Short descriptive text snippets
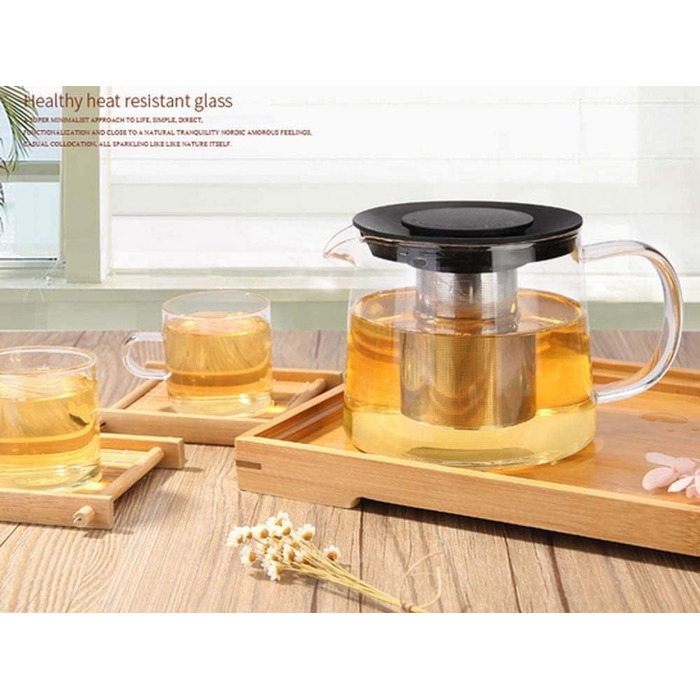 Чайник заварочный стеклянный 1,5 л с фильтром для чая Tebery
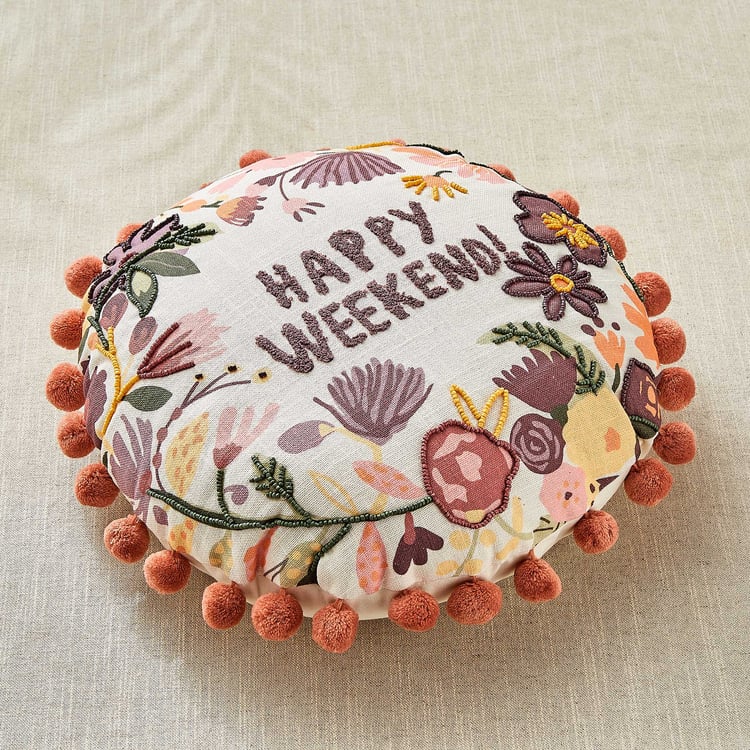 GTL Glance Embroidered Filled Cushion - 45x45cm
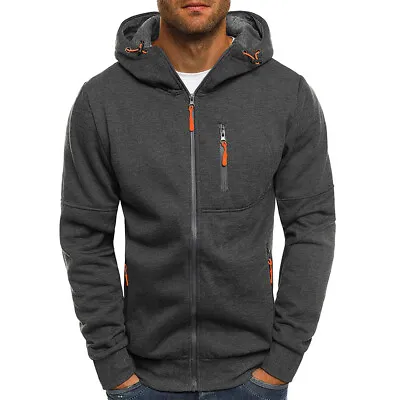 Men Sweatshirt Winter Work Zip Up Jumper Hoodie Hooded Jacket Coat Comfort UK • £11.59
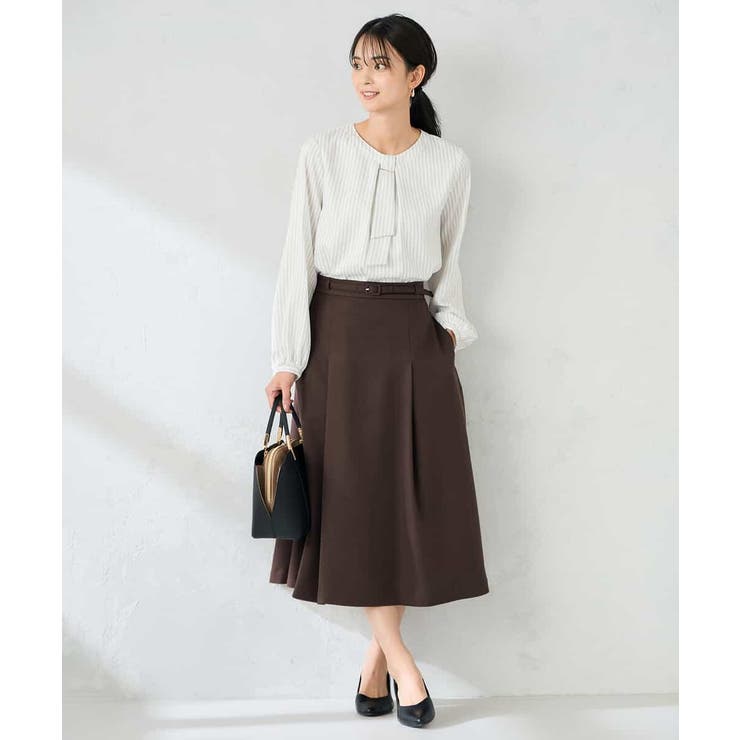 【洗える/イージーケア/ストレッチ】パウダーツイルフレアスカート | a.v.v【WOMEN】 | 詳細画像4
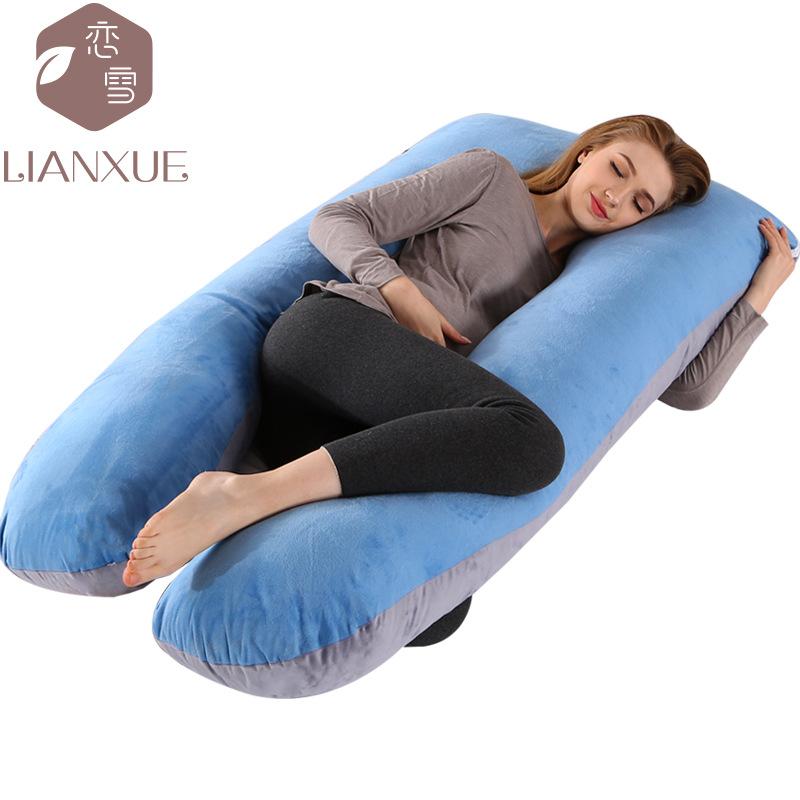 Crystal Velvet U-shaped Pregnancy Pillow Waist Protection Side Sleeping Pillow Breastfeeding Multifunctional Hug Pillow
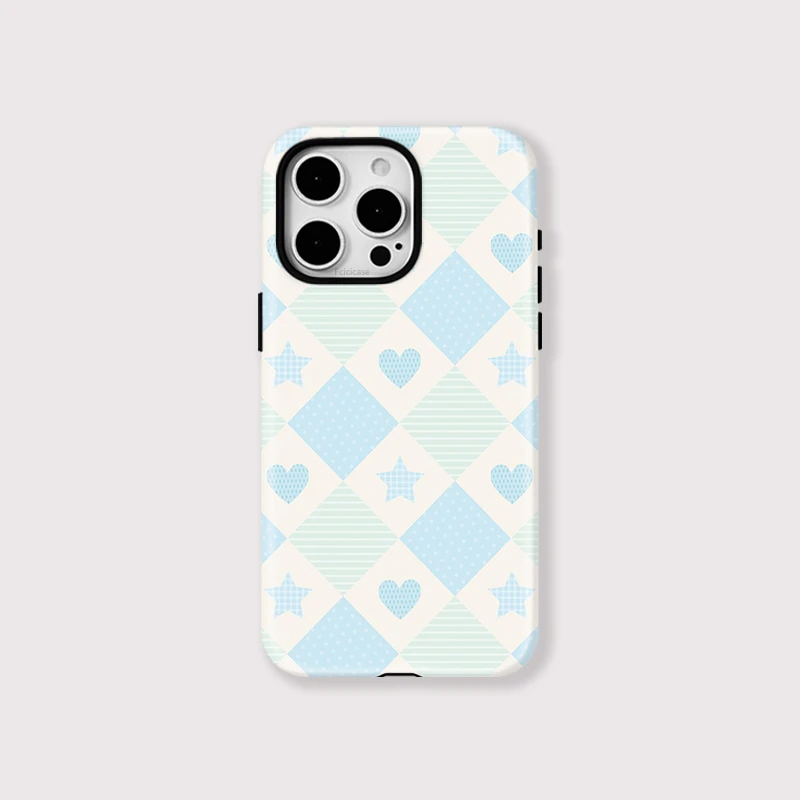 Love Heart Stars Grid Case iPhone 16 - View 1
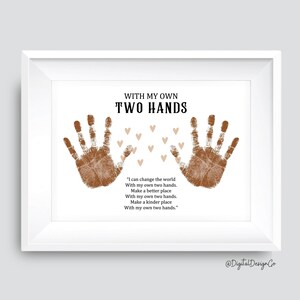 Mit meinen eigenen zwei Händen, MLK Tag Handabdruck Kunst, schwarze Geschichte Monat Handabdruck Handwerk, Kinder Baby Kleinkind, Erinnerung Andenken, Inspiration DIY Karte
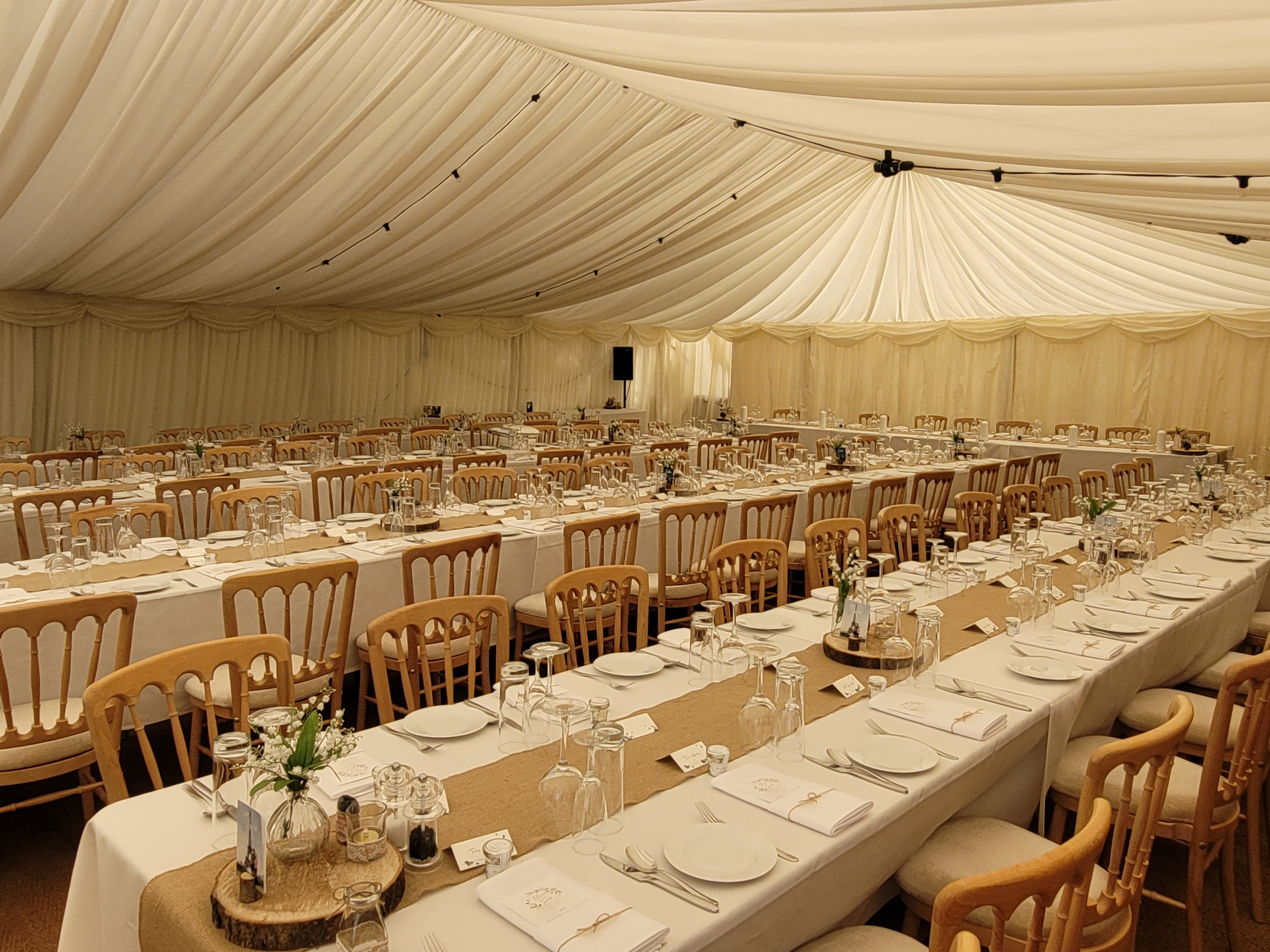 Ivory pleated linings with festoon lights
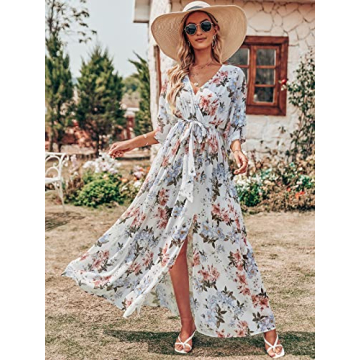 Boho Flowy Wrap V Neck Floral Maxi Dress for Weddings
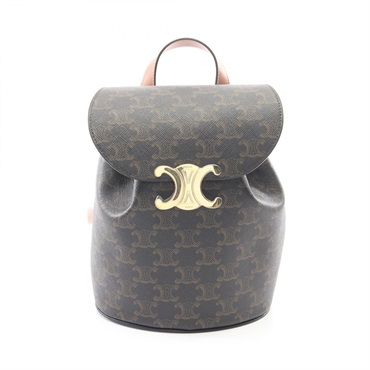 CELINE Bonnie Triomphe Rucksack Backpack canvas leather Black Brown NEW Women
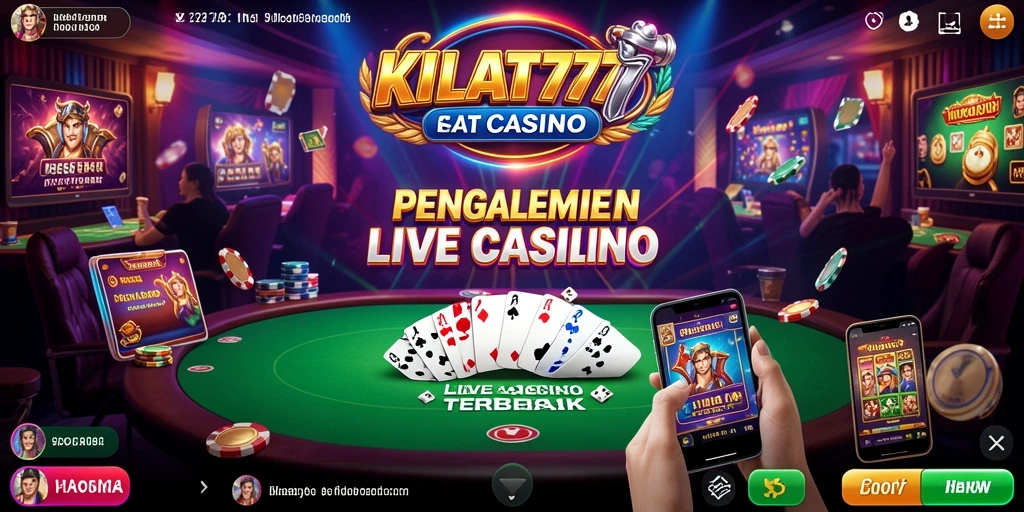 Tampilan utama KILAT777 menampilkan dealer langsung dan permainan kasino yang menarik.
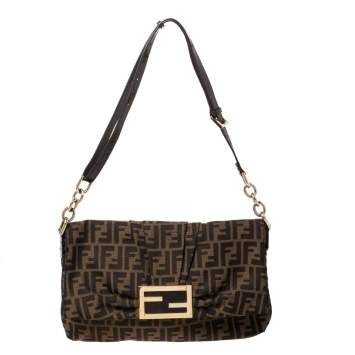 Pre Owned Fendi Tobacco Zucca Canvas and Patent Leather Mia Flap Bag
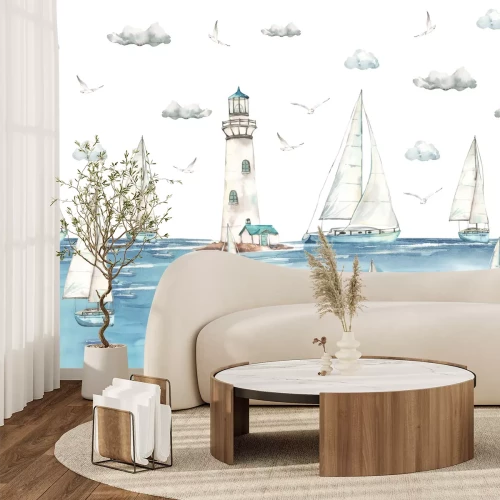 Fotobehang Zeilschepen varen op zee met een vuurtoren op de achtergrond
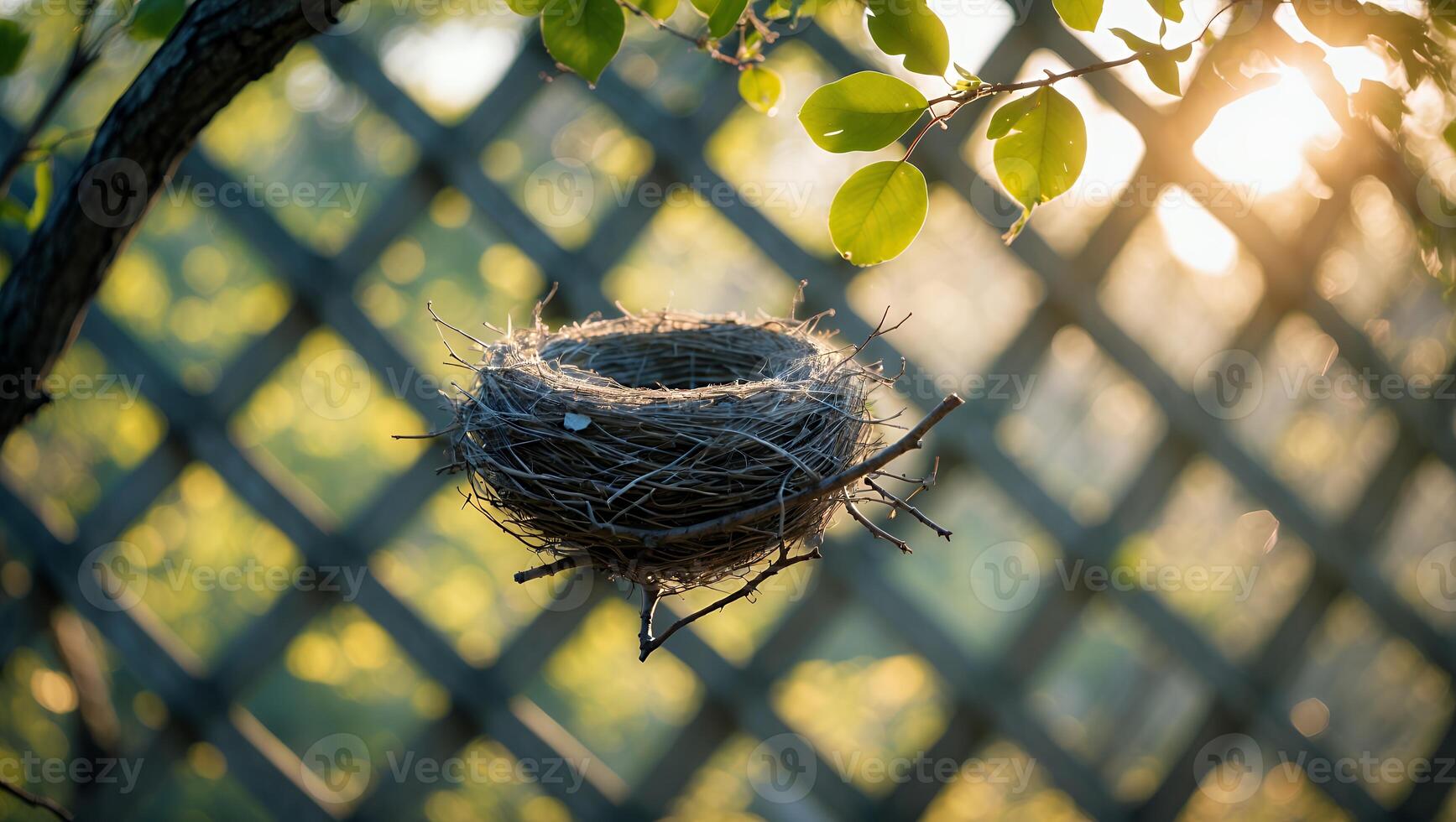 Empty Bird Nest on Branch with Woven Fence and Sunlight photo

WORK REQUIRED:
Your answer should be the lines above from the one that contains "Boho Flowy Wrap" through the last, set down exactly, with the pictures removed.

FINAL ANSWER:
 Boho Flowy Wrap V Neck Floral Maxi Dress for Weddings
 CELINE Bonnie Triomphe Rucksack Backpack canvas leather Black Brown NEW Women
 Tampilan utama KILAT777 menampilkan dealer langsung dan permainan kasino yang menarik.
 Pre Owned Fendi Tobacco Zucca Canvas and Patent Leather Mia Flap Bag
 Fotobehang Zeilschepen varen op zee met een vuurtoren op de achtergrond
 Empty Bird Nest on Branch with Woven Fence and Sunlight photo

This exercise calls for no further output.